[Problem to solve] Without the pictures, give the records again exactly as they appear.

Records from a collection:
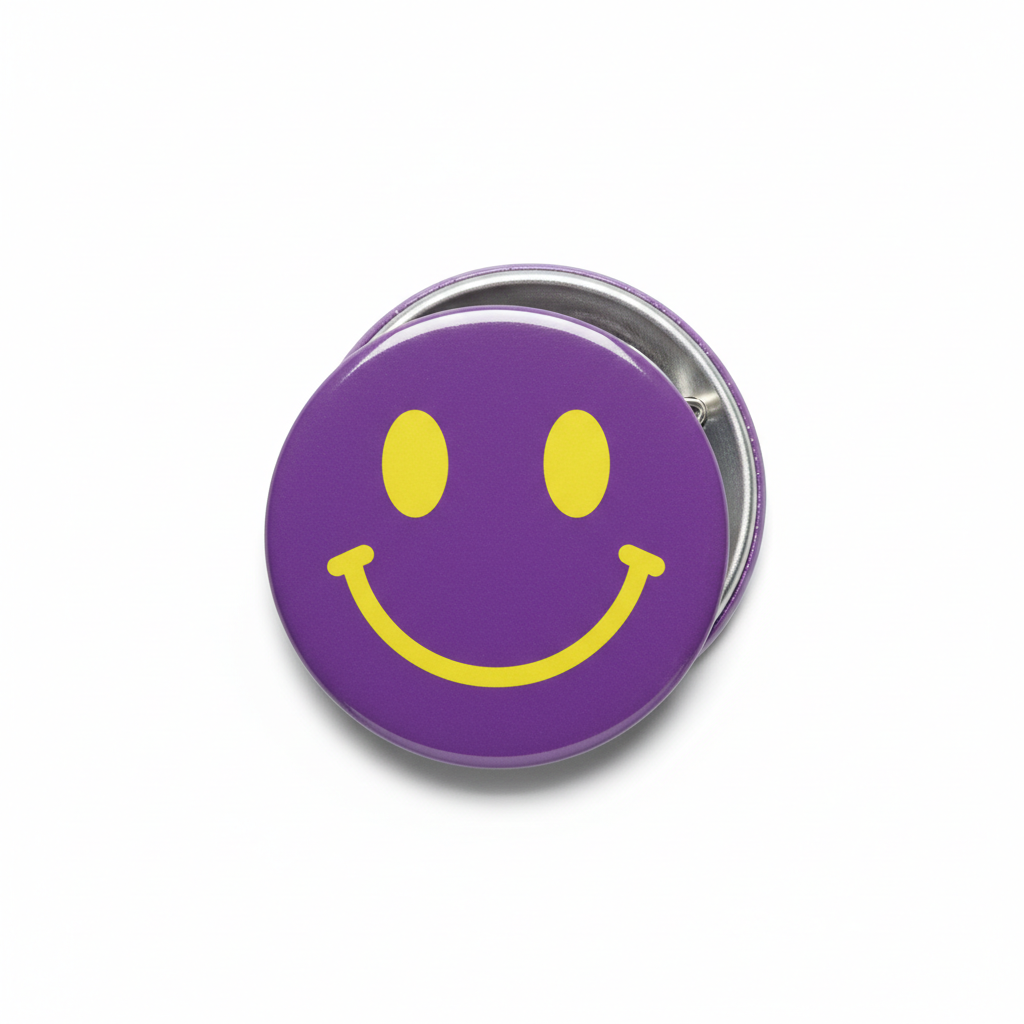 2.25-inch purple smiley face pinback button with yellow grin and silver backing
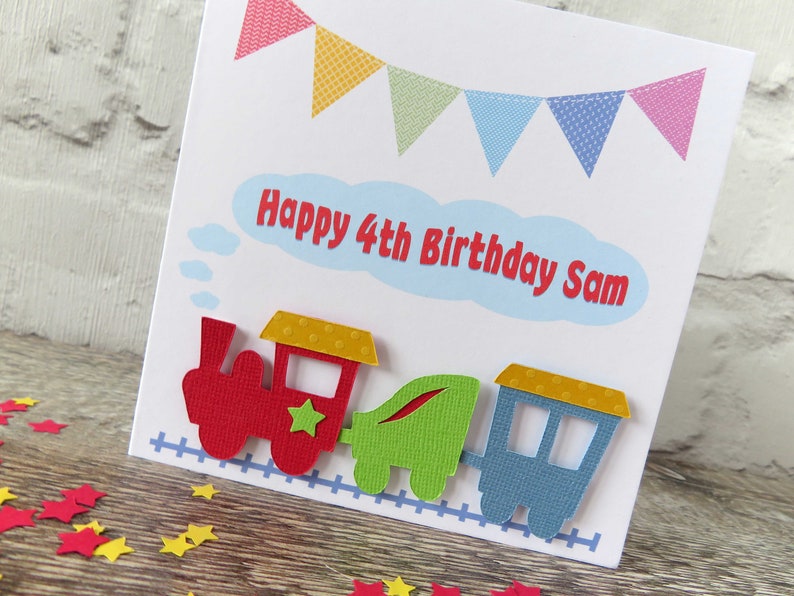 May include: A white birthday card featuring a colorful bunting banner at the top and a light blue cloud shape with the red text Happy 4th Birthday Sam. Below, a three-piece train in red, green, and blue sits on a blue train track graphic.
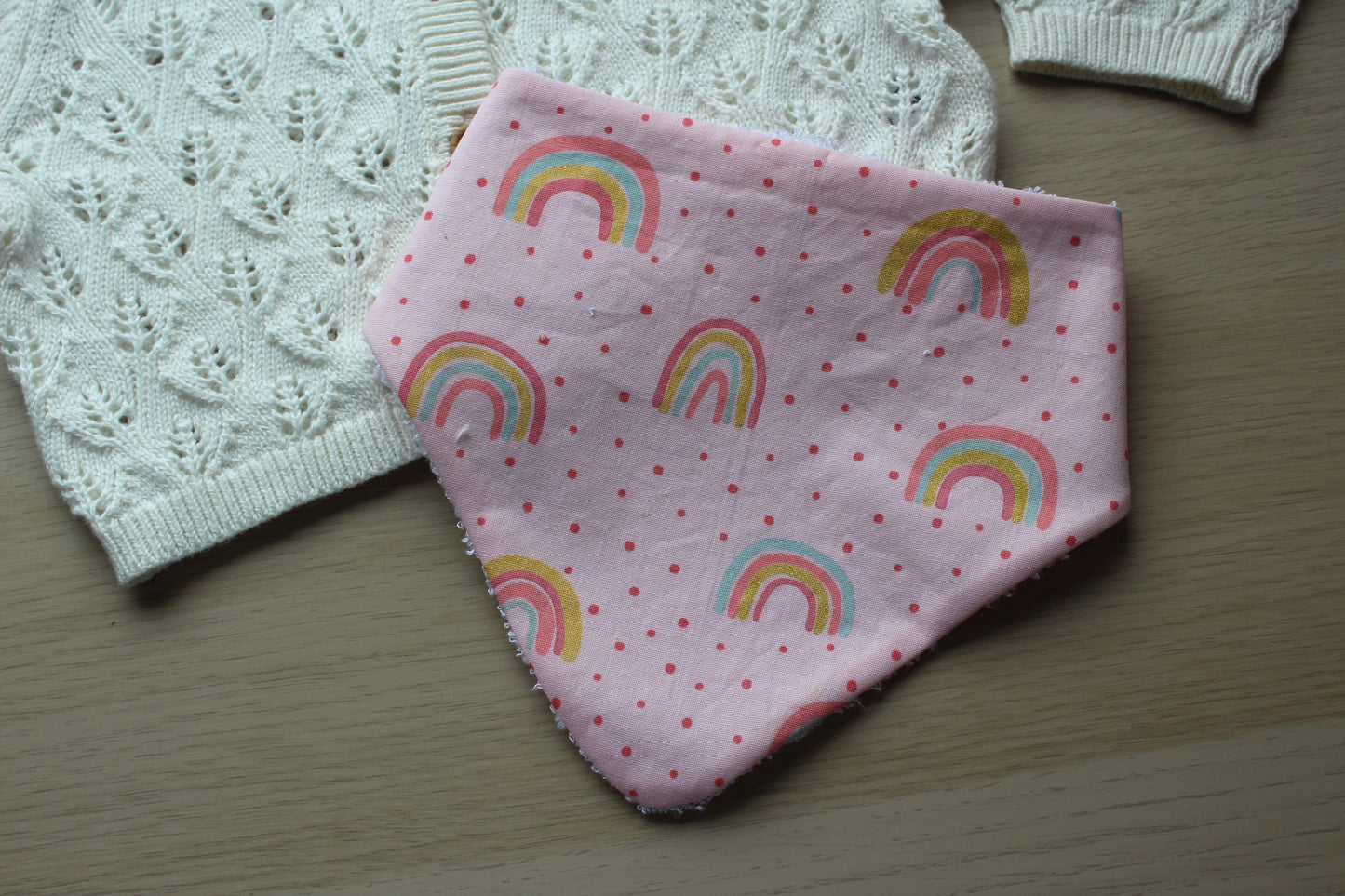 Pink dribble baby bib with rainbow polka dot design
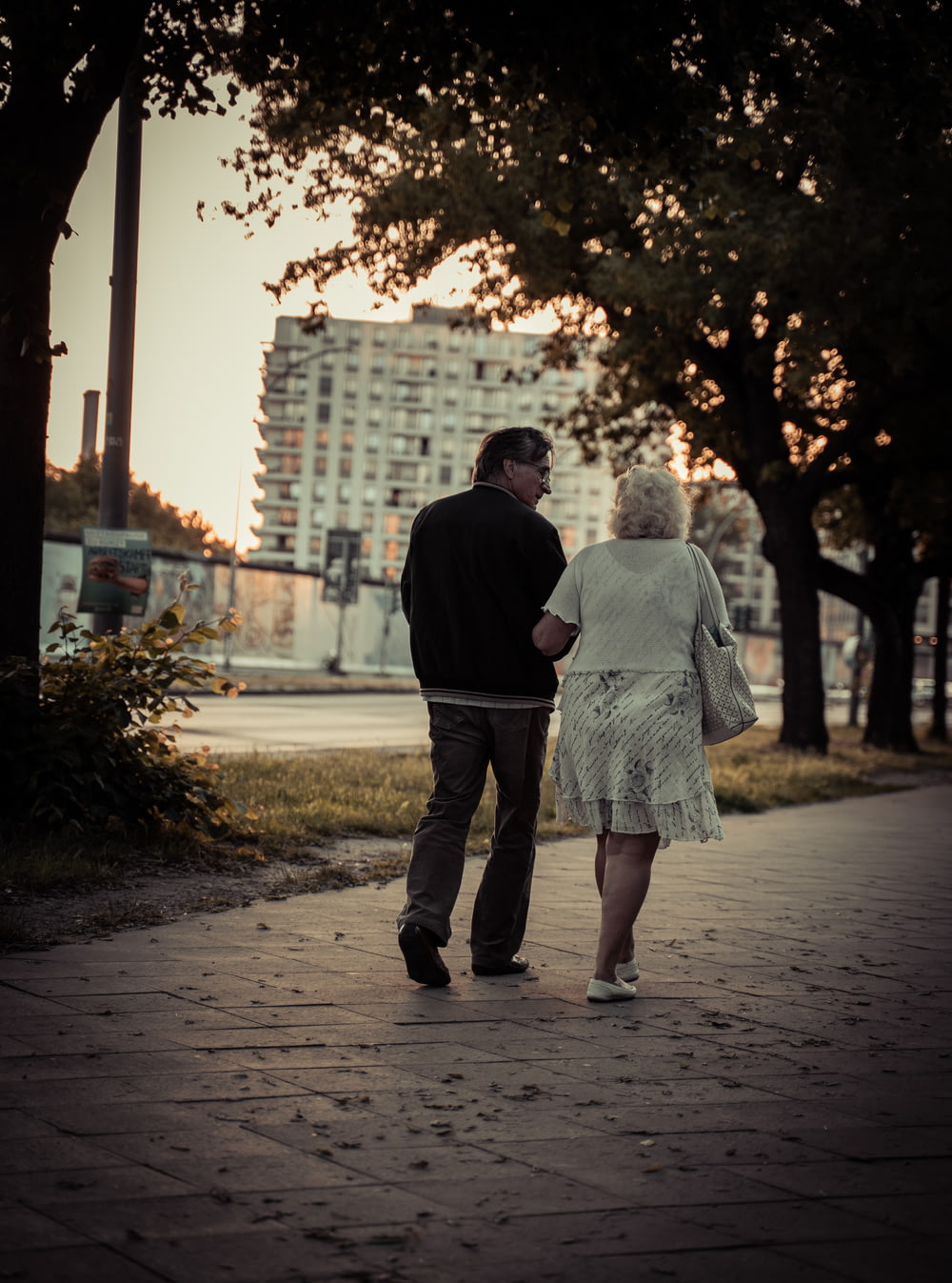 casal andando na calçada durante o dia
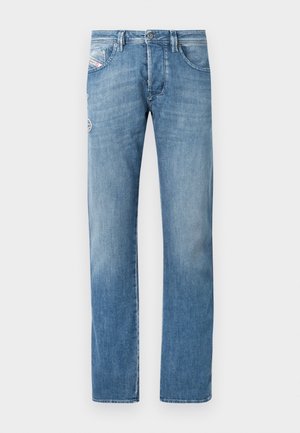 Vaaleansiniset farkut suorilla lahkeilla, joissa on napillinen vetoketju, viisi taskua ja hienovaraiset ompeleiden yksityiskohdat takataskuissa.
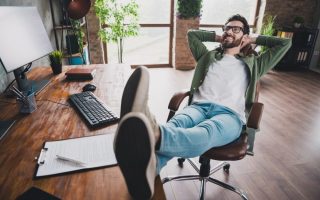 A remote worker at home, smiling and kicking up his feet on his desk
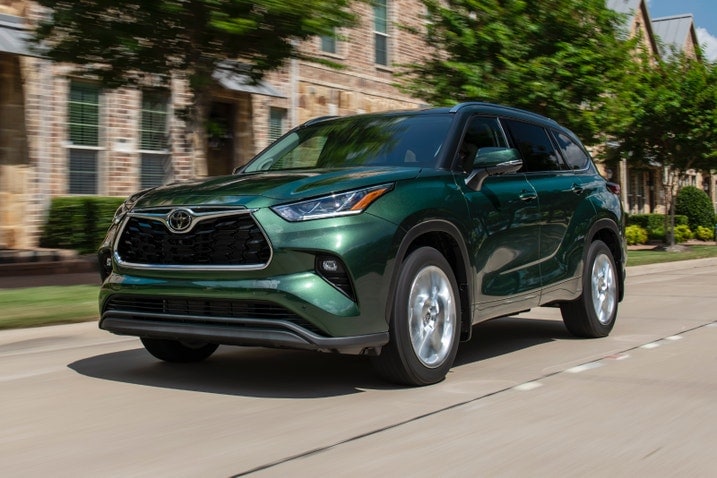 2023 Toyota Highlander in green, driving on a street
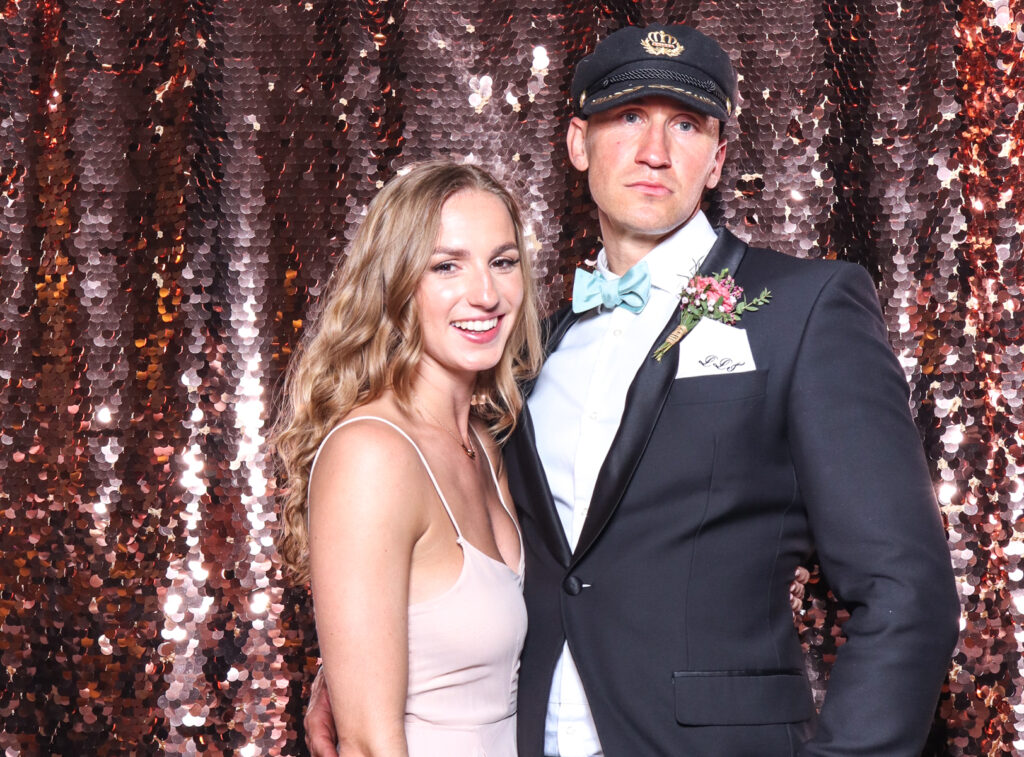 2 guests posing with super fun props, against a champagne sequins backdrop, for a cripps barn cotswolds wedding party entertainment with mad hat photo booth hire for parties, birthdays and weddings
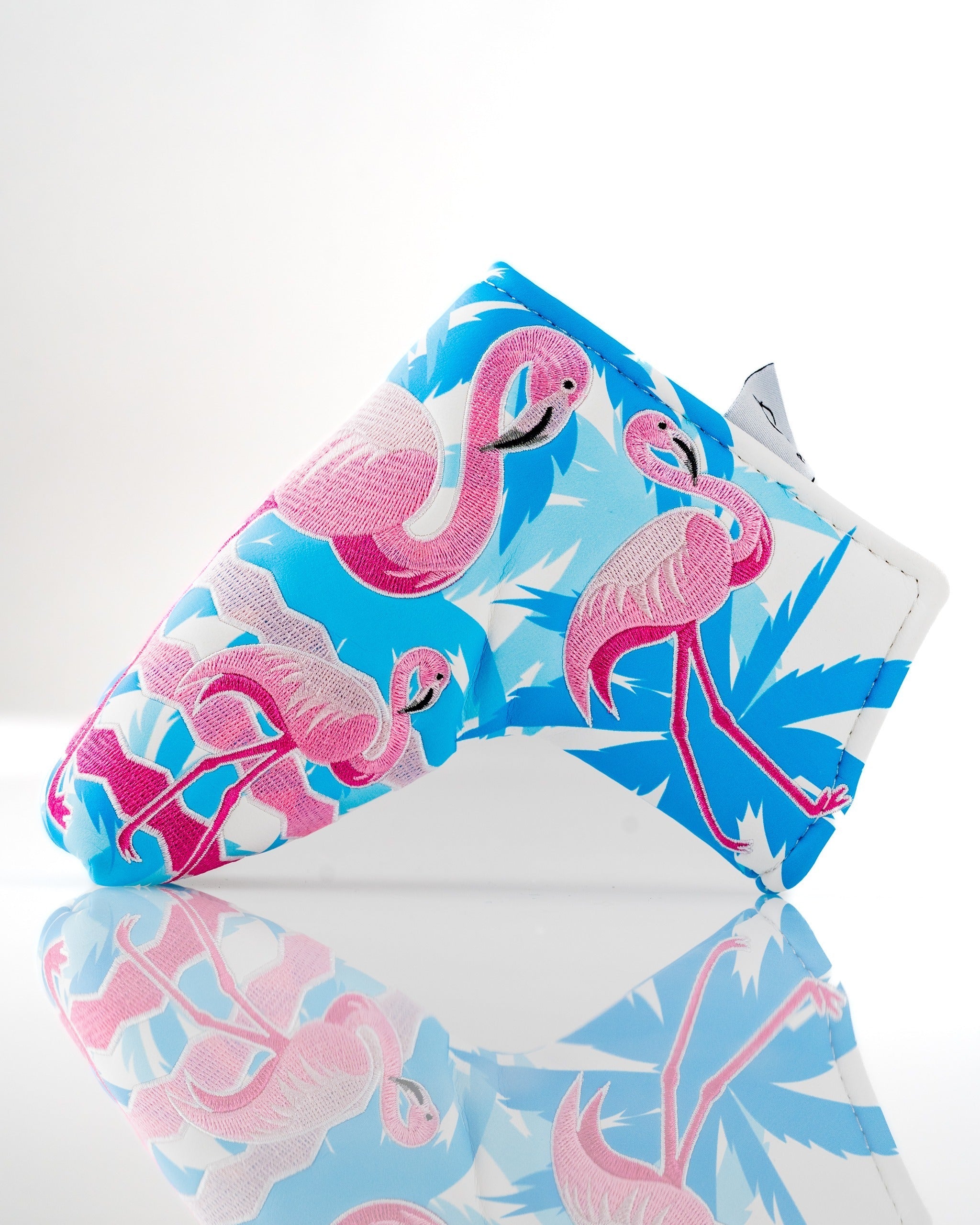 Bright flamingo-patterned blade putter cover featuring vibrant blue and pink colors, perfect for stylish golfers.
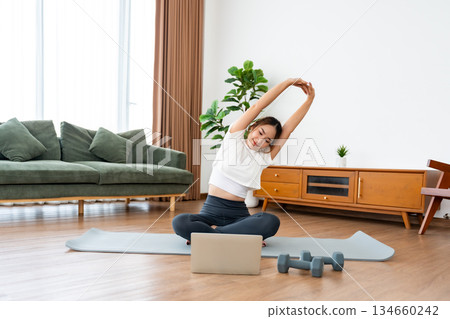 Young Asian woman stretching yoga workout on exercise mat Young Asian woman stretching yoga workout on exercise mat 134660242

[Solution]
 2.25-inch purple smiley face pinback button with yellow grin and silver backing
 May include: A white birthday card featuring a colorful bunting banner at the top and a light blue cloud shape with the red text Happy 4th Birthday Sam. Below, a three-piece train in red, green, and blue sits on a blue train track graphic.
 Pink dribble baby bib with rainbow polka dot design
 casal andando na calçada durante o dia
 Vaaleansiniset farkut suorilla lahkeilla, joissa on napillinen vetoketju, viisi taskua ja hienovaraiset ompeleiden yksityiskohdat takataskuissa.
 A remote worker at home, smiling and kicking up his feet on his desk
 2023 Toyota Highlander in green, driving on a street
 2 guests posing with super fun props, against a champagne sequins backdrop, for a cripps barn cotswolds wedding party entertainment with mad hat photo booth hire for parties, birthdays and weddings
 Bright flamingo-patterned blade putter cover featuring vibrant blue and pink colors, perfect for stylish golfers.
 Young Asian woman stretching yoga workout on exercise mat Young Asian woman stretching yoga workout on exercise mat 134660242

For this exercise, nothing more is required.